Tamarind Orange Glazed Tofu

April 22nd, 2009

Welcome to my new digs! Come on in, kick your shoes off, make yourself at home. Don’t mind the dust, I’m still working out a few kinks…

Alright, now that you’re settled, let’s get down to breakin’ this sucker in with a recipe, shall we? I took another shot at Tamarind Orange Glazed Tofu last week, and I was so darn happy with the results I thought I’d share the recipe here.

tamarind-glazed-tofu-take-24

Doesn't that just make your mouth water?

Tamarind Orange Glazed Tofu

Ingredients:

  • 1 block of extra firm tofu, pressed and sliced however you want (I like triangles)
  • oil for frying

For the glaze:

  • ¾ cup orange juice
  • ¼ cup agave or maple syrup
  • 1½ tablespoons soy sauce
  • 1 tablespoon tamarind concentrate
  • 2 teaspoons sriracha (use less if you don’t want it spicy)
  • 1 teaspoon jarred minced garlic (or 2 cloves)
  1. Heat oil in a large skillet over medium heat and pan-fry sliced tofu in a single layer, until browned and crisp on both sides, 10-15 minutes.
  2. While tofu is frying, whisk together all ingredients for the glaze, and set aside. 
  3. Once the tofu is sufficiently browned on both sides, give your glaze mixture a stir and pour it over the top of the tofu. Allow the liquid to reduce down and thicken to form a glaze, about 5 minutes. Enjoy!

Makes 4 servings.

One a penny, two a penny

April 14th, 2009
First off, *thank you* to everyone who got excited with me over The Brit’s conversion! I’m still so stoked about it! We’re working on finding a non-dairy milk he likes right now. Soy was a no-go, rice was a definite no-go, as was almond… oat seems to be okay so far. Anyone have any other suggestions?

I hope everyone had a good Zombie Jesus Day! On Good Friday I made Hot Cross Buns. Except… I left off the crosses due to laziness. I tried to make pseudo-crosses by cutting an “X” in the top of each bun, but when they baked they ended up looking more like little horns. I guess I should have called them Blasphemous Buns instead.
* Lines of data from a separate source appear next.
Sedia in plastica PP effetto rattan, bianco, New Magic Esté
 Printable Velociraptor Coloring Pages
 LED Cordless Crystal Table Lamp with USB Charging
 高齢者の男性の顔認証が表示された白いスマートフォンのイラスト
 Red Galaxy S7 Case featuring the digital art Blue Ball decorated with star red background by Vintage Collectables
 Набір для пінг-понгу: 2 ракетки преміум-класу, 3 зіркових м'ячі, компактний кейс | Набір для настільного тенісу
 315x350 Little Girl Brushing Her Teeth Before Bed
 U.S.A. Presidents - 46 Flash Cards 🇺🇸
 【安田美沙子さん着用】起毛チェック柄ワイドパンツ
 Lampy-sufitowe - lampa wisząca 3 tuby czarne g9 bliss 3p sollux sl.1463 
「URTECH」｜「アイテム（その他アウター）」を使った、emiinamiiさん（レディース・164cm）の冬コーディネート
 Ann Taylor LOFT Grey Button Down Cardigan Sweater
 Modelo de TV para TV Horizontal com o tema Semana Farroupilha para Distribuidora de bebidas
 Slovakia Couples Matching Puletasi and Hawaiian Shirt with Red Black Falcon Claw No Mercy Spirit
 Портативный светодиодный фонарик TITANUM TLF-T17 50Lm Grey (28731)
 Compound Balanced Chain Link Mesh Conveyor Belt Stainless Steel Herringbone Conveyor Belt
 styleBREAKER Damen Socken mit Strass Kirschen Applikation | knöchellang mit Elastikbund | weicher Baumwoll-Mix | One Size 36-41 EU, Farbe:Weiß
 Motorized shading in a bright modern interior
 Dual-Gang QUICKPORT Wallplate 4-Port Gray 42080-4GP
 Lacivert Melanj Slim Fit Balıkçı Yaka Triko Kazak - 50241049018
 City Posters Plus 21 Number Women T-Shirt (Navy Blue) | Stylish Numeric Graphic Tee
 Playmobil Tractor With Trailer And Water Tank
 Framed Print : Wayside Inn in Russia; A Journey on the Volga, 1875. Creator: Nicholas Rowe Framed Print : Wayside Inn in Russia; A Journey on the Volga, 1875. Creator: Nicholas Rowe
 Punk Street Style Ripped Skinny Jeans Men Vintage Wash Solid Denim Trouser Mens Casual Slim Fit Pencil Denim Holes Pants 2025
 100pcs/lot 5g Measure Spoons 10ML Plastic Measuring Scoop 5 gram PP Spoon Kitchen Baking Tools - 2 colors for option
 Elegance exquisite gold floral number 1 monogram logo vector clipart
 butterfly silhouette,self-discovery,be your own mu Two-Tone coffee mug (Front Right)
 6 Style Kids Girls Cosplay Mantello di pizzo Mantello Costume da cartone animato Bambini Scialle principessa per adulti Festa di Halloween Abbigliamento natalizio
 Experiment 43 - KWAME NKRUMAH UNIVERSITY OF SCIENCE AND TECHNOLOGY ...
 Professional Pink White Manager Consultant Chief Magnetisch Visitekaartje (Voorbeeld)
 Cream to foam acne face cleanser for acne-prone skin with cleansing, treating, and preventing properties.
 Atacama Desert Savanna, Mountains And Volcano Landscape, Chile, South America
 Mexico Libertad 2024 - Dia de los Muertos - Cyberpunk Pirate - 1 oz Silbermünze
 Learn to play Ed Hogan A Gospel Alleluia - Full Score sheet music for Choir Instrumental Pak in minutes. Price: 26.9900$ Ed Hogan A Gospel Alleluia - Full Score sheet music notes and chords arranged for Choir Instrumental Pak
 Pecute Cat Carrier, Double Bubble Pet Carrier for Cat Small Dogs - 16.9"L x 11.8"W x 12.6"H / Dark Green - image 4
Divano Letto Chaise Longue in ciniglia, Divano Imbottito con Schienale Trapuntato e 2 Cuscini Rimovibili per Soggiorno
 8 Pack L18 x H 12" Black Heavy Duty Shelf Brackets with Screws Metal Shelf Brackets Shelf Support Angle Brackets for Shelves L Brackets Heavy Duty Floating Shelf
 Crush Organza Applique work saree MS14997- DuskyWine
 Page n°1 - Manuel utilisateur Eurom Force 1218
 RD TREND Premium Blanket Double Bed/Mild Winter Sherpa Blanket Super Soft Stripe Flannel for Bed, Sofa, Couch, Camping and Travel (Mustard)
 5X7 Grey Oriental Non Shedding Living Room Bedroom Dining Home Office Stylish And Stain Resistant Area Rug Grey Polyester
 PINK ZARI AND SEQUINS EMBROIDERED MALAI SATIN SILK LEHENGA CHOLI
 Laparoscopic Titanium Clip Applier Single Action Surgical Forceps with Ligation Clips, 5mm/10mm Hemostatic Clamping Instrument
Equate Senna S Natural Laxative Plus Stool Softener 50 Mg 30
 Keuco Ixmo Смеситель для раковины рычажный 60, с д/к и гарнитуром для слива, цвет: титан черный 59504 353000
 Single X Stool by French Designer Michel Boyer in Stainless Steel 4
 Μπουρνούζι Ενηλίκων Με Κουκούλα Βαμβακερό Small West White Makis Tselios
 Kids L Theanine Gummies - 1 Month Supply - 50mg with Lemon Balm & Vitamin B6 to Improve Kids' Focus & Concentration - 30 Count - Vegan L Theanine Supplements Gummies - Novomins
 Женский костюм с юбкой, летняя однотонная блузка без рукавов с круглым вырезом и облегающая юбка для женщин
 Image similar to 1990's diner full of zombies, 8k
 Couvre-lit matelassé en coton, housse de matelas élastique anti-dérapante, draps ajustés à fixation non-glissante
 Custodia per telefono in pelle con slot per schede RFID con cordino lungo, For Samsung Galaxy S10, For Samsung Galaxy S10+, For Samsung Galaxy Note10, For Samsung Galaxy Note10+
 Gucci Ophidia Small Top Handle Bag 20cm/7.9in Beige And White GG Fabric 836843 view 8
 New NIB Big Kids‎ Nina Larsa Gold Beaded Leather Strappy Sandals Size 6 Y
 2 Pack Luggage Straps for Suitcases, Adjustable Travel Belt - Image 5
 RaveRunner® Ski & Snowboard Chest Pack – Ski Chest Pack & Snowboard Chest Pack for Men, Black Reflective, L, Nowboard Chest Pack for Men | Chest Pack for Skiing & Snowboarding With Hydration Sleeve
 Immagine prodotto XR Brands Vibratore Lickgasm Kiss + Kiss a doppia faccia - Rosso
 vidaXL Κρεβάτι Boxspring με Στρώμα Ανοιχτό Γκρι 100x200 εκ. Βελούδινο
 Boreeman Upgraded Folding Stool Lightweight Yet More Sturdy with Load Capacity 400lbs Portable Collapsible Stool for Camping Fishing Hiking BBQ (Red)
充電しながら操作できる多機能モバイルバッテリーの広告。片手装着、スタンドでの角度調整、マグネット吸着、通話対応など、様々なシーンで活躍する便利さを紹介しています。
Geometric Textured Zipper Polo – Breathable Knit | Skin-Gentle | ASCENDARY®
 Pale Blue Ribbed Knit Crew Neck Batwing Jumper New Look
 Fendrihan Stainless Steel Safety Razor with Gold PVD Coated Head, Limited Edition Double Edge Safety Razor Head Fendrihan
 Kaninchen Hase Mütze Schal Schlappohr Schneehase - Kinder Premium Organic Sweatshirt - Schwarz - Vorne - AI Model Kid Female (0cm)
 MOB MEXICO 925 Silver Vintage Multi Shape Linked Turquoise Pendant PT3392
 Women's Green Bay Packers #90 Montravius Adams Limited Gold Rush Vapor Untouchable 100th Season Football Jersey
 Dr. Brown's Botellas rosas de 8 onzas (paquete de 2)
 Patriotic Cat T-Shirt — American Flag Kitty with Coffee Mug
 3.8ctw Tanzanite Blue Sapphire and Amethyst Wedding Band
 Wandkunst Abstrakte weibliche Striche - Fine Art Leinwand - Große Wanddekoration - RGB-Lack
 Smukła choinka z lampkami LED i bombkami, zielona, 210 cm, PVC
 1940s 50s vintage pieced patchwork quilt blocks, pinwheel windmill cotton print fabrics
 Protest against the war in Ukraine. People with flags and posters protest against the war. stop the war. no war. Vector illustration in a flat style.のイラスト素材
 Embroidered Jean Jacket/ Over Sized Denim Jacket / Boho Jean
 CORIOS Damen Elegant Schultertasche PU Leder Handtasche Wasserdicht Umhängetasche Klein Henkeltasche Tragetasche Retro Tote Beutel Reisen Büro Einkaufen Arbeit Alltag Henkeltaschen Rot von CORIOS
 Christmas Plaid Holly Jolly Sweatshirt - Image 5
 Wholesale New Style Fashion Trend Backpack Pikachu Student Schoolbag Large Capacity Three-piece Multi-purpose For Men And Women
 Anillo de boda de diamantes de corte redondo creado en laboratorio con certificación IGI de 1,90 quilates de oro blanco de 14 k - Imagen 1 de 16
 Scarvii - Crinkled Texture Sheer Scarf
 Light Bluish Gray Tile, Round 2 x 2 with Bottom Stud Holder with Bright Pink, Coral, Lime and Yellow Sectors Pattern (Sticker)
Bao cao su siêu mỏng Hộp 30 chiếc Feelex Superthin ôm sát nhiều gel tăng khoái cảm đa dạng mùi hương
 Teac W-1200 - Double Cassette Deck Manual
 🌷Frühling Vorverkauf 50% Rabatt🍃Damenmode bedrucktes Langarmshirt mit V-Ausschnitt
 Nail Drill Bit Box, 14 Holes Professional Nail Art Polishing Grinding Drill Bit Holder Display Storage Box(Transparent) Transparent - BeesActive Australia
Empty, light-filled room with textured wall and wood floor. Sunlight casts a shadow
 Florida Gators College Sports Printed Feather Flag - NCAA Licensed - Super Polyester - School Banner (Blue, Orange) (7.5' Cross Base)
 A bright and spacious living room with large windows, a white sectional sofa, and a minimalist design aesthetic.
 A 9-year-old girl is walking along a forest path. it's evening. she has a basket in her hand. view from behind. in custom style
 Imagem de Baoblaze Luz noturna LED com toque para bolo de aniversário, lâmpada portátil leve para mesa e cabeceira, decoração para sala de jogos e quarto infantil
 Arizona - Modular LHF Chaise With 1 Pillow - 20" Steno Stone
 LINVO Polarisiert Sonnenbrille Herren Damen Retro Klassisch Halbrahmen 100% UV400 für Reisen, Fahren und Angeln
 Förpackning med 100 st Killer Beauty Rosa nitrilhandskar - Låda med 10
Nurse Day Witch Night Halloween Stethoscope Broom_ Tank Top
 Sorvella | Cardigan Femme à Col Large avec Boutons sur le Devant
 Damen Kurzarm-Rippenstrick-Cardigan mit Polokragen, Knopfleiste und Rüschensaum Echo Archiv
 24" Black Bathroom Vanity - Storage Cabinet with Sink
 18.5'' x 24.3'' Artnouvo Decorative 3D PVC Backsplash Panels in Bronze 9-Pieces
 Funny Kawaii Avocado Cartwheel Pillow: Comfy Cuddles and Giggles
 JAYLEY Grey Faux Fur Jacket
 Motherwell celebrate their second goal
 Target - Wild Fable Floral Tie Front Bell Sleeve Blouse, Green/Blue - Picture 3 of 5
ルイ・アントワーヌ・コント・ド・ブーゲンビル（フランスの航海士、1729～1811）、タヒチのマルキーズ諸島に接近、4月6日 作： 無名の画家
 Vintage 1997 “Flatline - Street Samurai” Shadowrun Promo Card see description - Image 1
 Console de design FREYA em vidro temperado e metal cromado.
I made another tester for Bianca’s cookbook! This time it was Buttermilk Biscuits – a southern staple. She hit the nail on the head again with this awesome recipe! They were light, fluffy, AND 100% whole wheat. I cut them into hearts because it’s cute.

And what would southern-style biscuits be without gravy? Bianca’s creamy Sausage-Sage Gravy made this an awesome breakfast.


This baked lemon-herb tofu didn’t turn out as fabulous as I’d hoped, but it was still tasty enough to eat! Mashed gold potatoes can make up for anything less than stellar, anyway.



There was nothing less than stellar about this pizza, though! I made apple-sage sausages to grill at my parents’ house on Saturday, and this was the perfect way to use the leftovers. 


This was the first pizza I’ve ever made 100% from scratch. The ‘ricotta’ and pesto were inspired by the Isa Pizza in VwaV, but I didn’t have the right ingredients so I fudged it. Homemade: pizza dough, roasted red pepper sauce (no tomatoes – The Brit isn’t a tomato fan), tofu ‘ricotta’, spinach pesto (I didn’t have any fresh basil), apple-sage sausages and caramelized onions. This pizza was AMAZING.

And the best part? I still have half the pizza dough leftover, wrapped up in my freezer. I foresee much more homemade pizza in my future!